> _Web page caption snippets_
<<<<

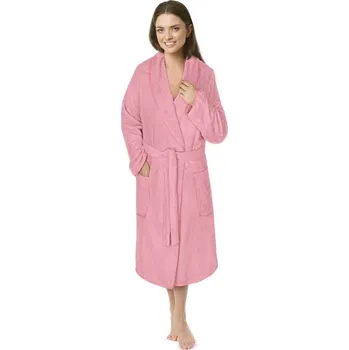 Dámský župan Froté župan dámský Růžová - vel. XXL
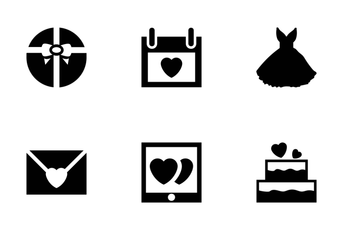 Wedding Vector Icons Icon Pack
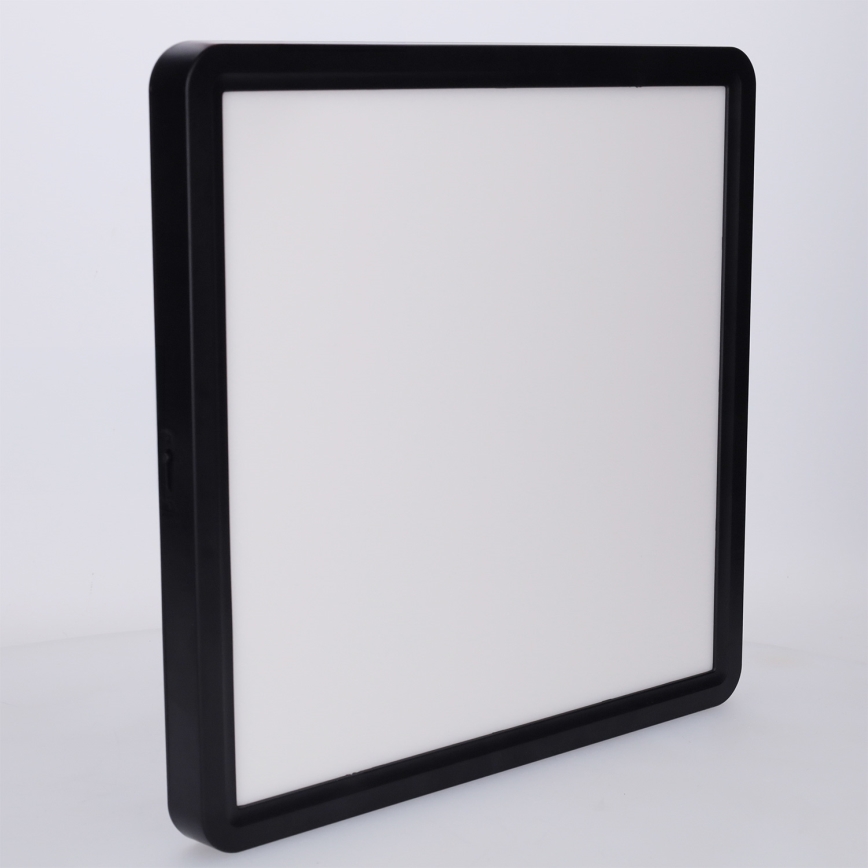 Brilagi - himmennettävä LED-kattovalaisin ESTELA SQUARE LED/36W/230V 3000-6500K 31x31 cm musta + kaukosäädin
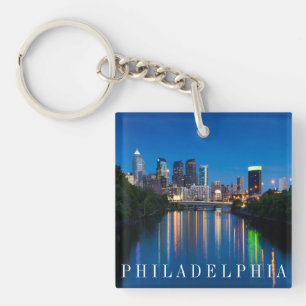 Philadelphia-Skyline an der Schlüsselanhänger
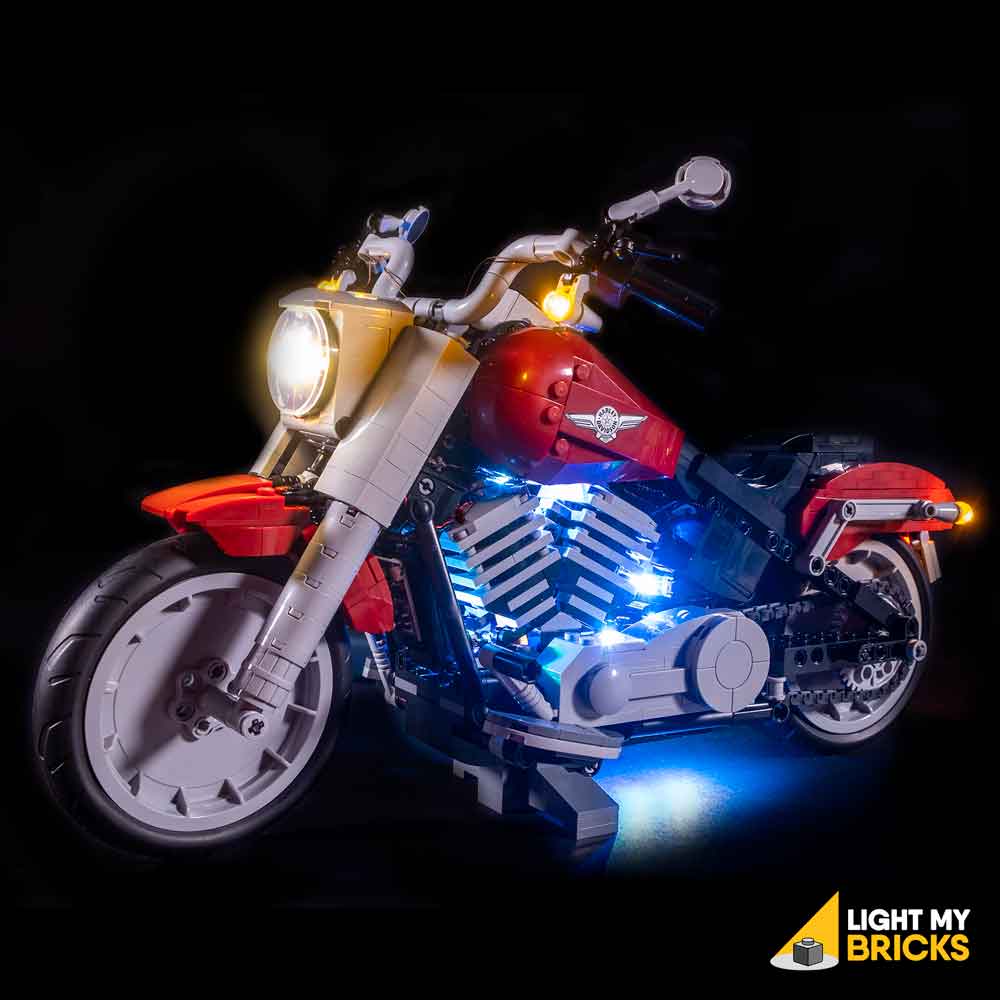 LEGO® Harley Davidson Fatboy 10269 Light Kit – Light My Bricks USA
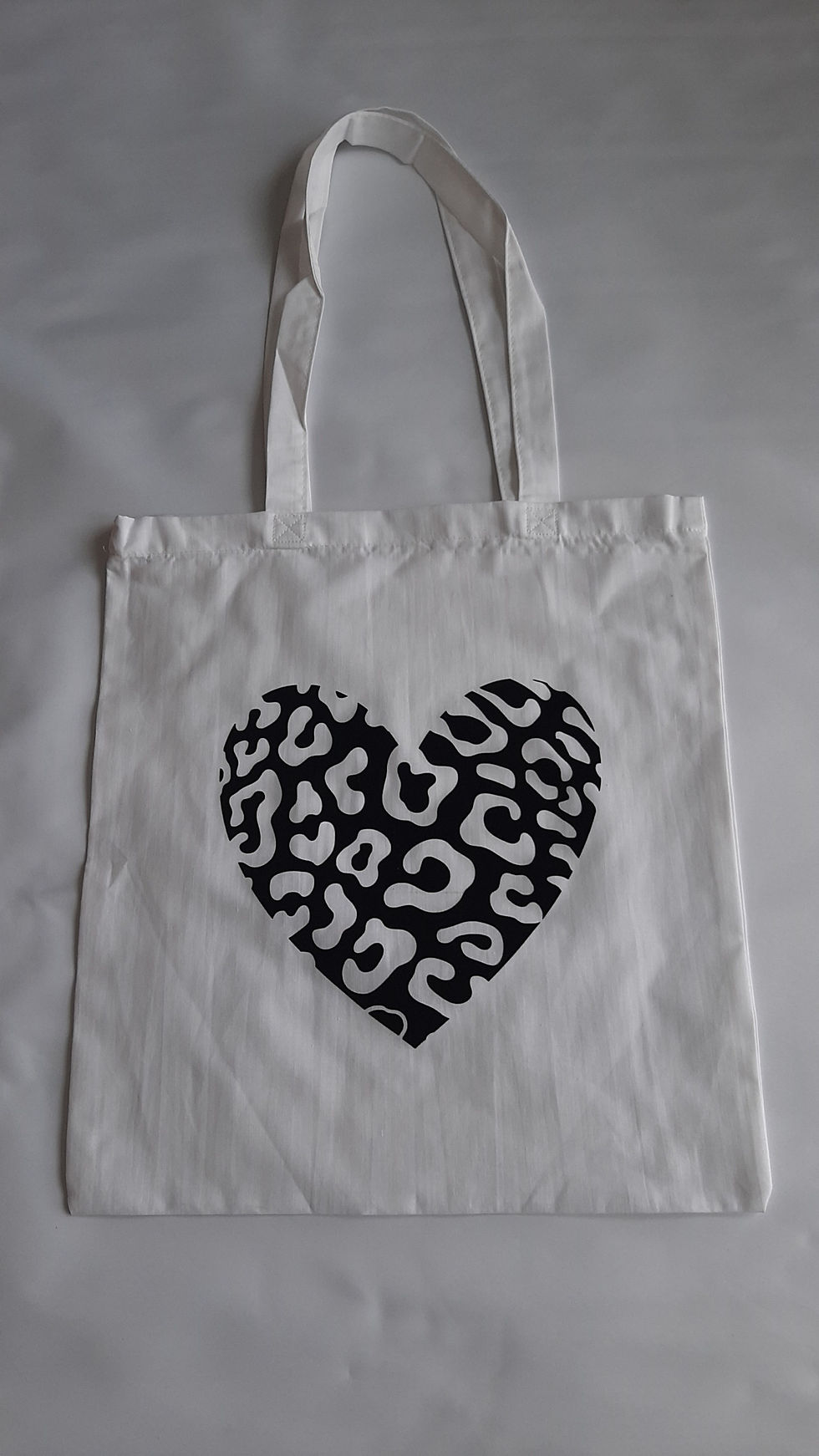 Thumbnail: Animal Print Heart Tote Shopper Bag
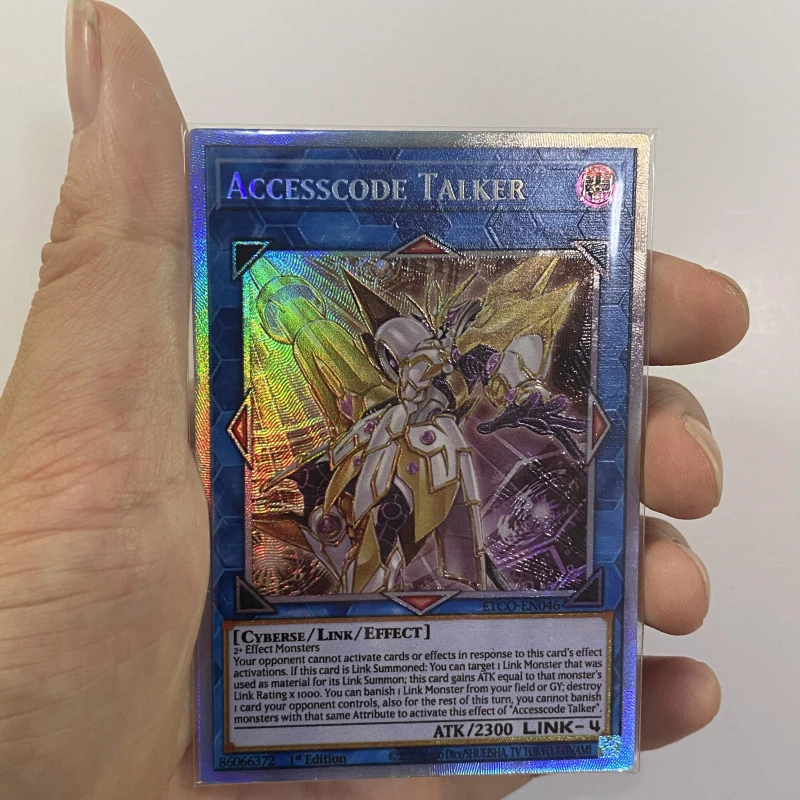 Yu Gi Oh Cr Hr Etco En046 Accesscode Talkerクラシックアニメボードゲームテクスチャ英語コレクションカード オリジナルではありません ゲーム コレクションカード Aliexpress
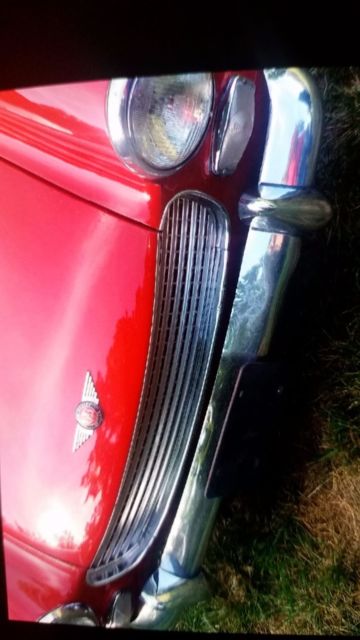 1964 Red Austin Healey Sprite Convertible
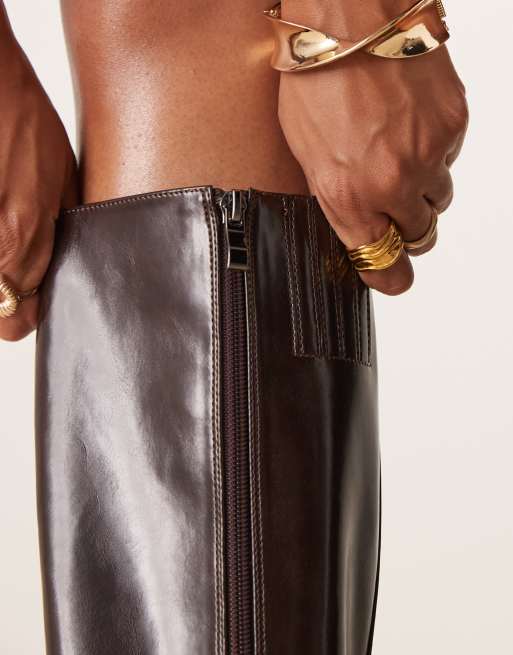 RAID Mayah knee boots in brown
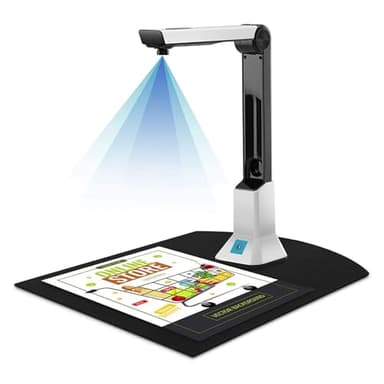 Scanner per documenti portatile Scanner for documenti portatile ad alta definizione da 8 megapixel, fotocamera for documenti in formato A4 for riconoscimento file, supporto for scanner MAC OS per desk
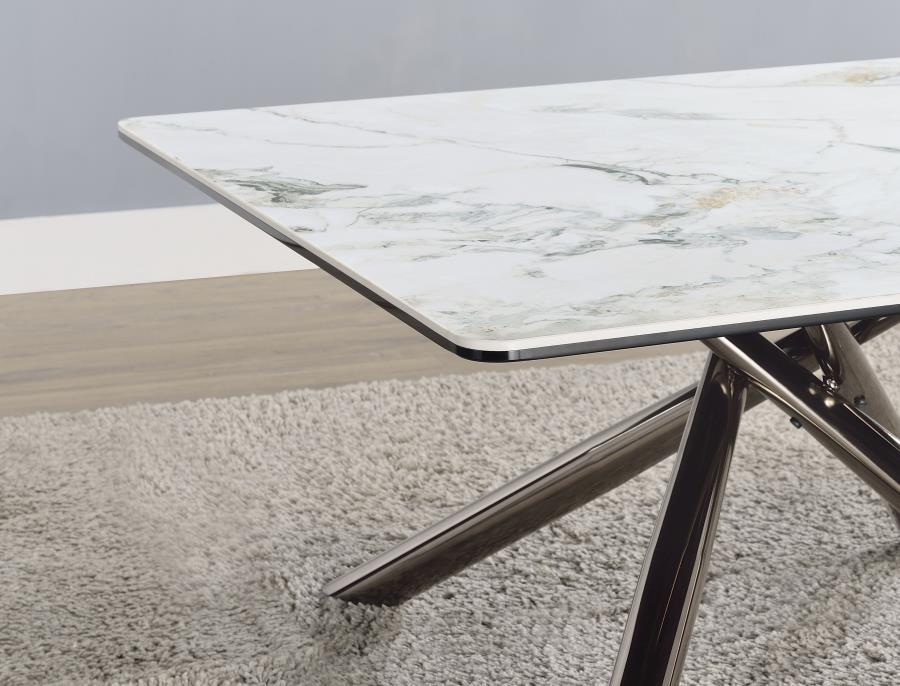 Carvell - Square Sintered Stone Table by Coaster Fine Furniture | Bel Furniture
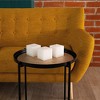 3 inch Pillar Candles for Home Set of 3 pcs - Unscented and Long Lasting Candles Ideal for Wedding or Home Decor - 4 of 4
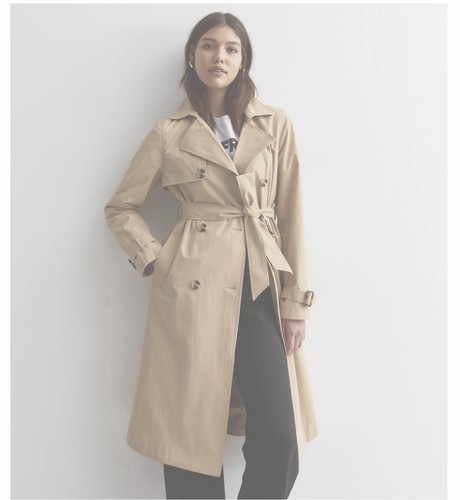 Nwot trench coat camel long - trench,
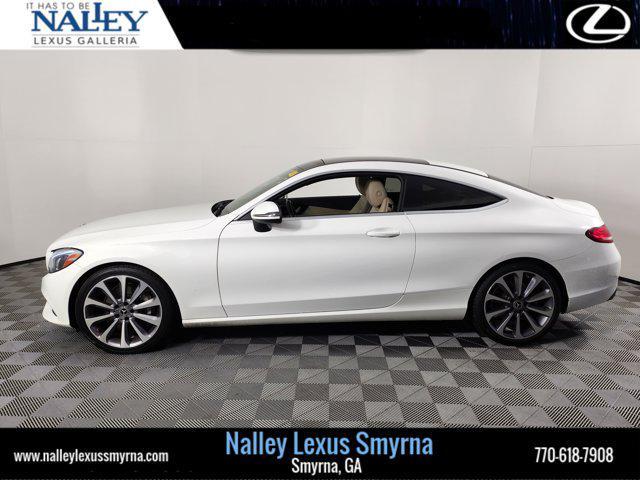 used 2018 Mercedes-Benz C-Class car, priced at $18,990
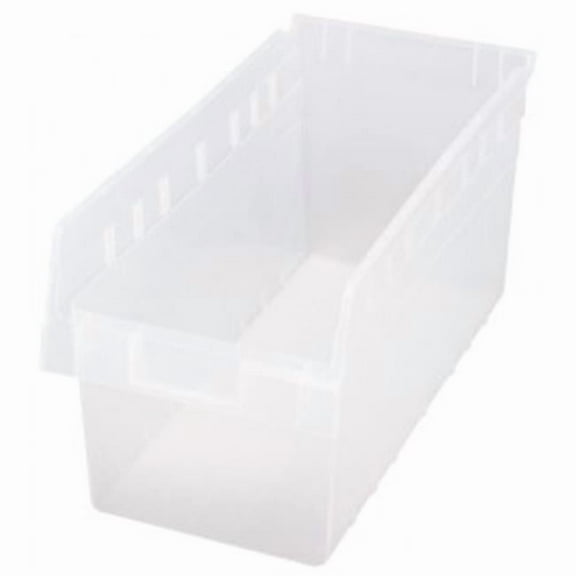 Clear Plastic Storage Bins - 17.88 x 8.38 x 8 in.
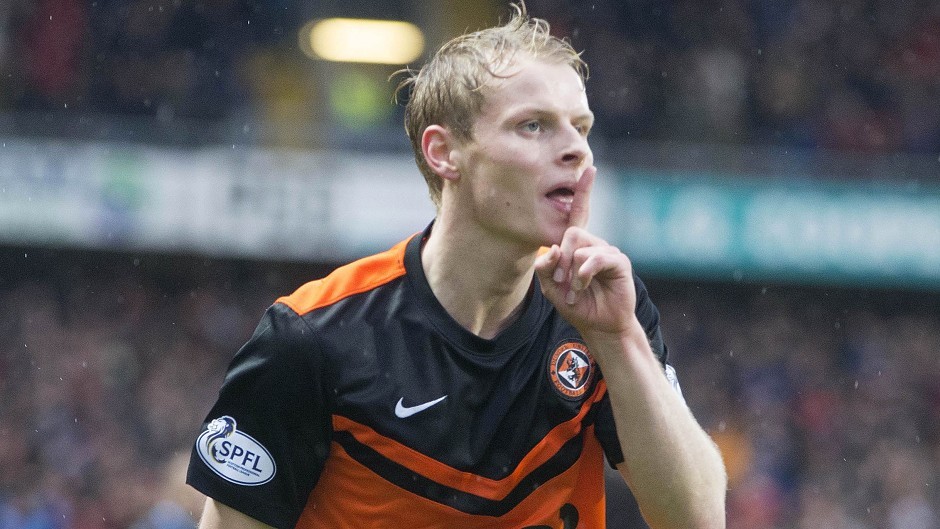 Dundee United's Gary Mackay-Steven could join Celtic this evening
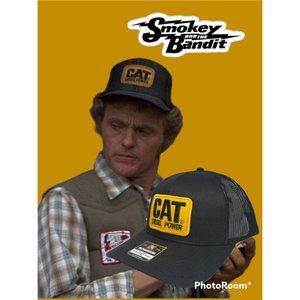 COPY - CAT Diesel Trucker Patch Cap Richardson 112 Jerry Reed Snowman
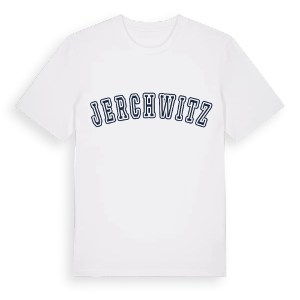 Jerchwitz college t-shirt – ekologisk bomull t-shirt från Pinshirt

>>>>

> _GOAL OF THE EXERCISE_
With the pictures left out, output the lines from the one containing "Nwot trench coat" through the last line of the records above, exactly as they are.

> _ANSWER_
 Nwot trench coat camel long - trench,
 used 2018 Mercedes-Benz C-Class car, priced at $18,990
 Clear Plastic Storage Bins - 17.88 x 8.38 x 8 in.
 Dundee United's Gary Mackay-Steven could join Celtic this evening
 COPY - CAT Diesel Trucker Patch Cap Richardson 112 Jerry Reed Snowman
 Jerchwitz college t-shirt – ekologisk bomull t-shirt från Pinshirt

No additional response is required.